The input START
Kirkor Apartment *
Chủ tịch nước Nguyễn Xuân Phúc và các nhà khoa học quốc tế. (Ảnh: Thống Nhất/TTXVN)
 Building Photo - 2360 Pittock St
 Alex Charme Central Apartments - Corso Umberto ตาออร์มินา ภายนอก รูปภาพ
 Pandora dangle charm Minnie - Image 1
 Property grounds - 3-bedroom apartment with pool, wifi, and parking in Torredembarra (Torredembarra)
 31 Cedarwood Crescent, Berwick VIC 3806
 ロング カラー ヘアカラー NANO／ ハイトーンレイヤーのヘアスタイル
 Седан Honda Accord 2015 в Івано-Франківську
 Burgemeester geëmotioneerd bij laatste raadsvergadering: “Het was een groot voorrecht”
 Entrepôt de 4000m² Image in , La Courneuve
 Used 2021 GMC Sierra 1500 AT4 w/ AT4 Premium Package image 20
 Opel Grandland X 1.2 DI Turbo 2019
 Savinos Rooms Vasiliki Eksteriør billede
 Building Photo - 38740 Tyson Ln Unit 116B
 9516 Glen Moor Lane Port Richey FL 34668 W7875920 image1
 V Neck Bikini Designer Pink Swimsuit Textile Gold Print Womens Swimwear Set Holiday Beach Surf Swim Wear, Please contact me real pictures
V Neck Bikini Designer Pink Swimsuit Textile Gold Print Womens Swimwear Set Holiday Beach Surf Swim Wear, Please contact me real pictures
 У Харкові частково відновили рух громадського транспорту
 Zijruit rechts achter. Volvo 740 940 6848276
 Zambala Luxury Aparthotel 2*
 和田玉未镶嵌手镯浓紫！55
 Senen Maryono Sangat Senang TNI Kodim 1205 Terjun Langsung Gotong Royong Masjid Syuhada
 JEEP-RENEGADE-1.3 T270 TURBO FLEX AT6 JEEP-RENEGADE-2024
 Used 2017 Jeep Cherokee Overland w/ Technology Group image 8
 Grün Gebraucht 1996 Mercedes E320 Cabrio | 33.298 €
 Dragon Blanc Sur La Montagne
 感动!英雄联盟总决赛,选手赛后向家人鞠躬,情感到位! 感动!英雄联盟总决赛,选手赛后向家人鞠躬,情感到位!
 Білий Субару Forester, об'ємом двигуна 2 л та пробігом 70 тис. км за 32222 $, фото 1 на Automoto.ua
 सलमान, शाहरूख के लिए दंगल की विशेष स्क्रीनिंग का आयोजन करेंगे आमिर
The input END
Above are the entries. Quote exactly the lines from the one bearing "Chủ tịch nước" through the one bearing "Седан Honda Accord 2015 в Івано-Франківську".

Result of this task:
Chủ tịch nước Nguyễn Xuân Phúc và các nhà khoa học quốc tế. (Ảnh: Thống Nhất/TTXVN)
 Building Photo - 2360 Pittock St
 Alex Charme Central Apartments - Corso Umberto ตาออร์มินา ภายนอก รูปภาพ
 Pandora dangle charm Minnie - Image 1
 Property grounds - 3-bedroom apartment with pool, wifi, and parking in Torredembarra (Torredembarra)
 31 Cedarwood Crescent, Berwick VIC 3806
 ロング カラー ヘアカラー NANO／ ハイトーンレイヤーのヘアスタイル
 Седан Honda Accord 2015 в Івано-Франківську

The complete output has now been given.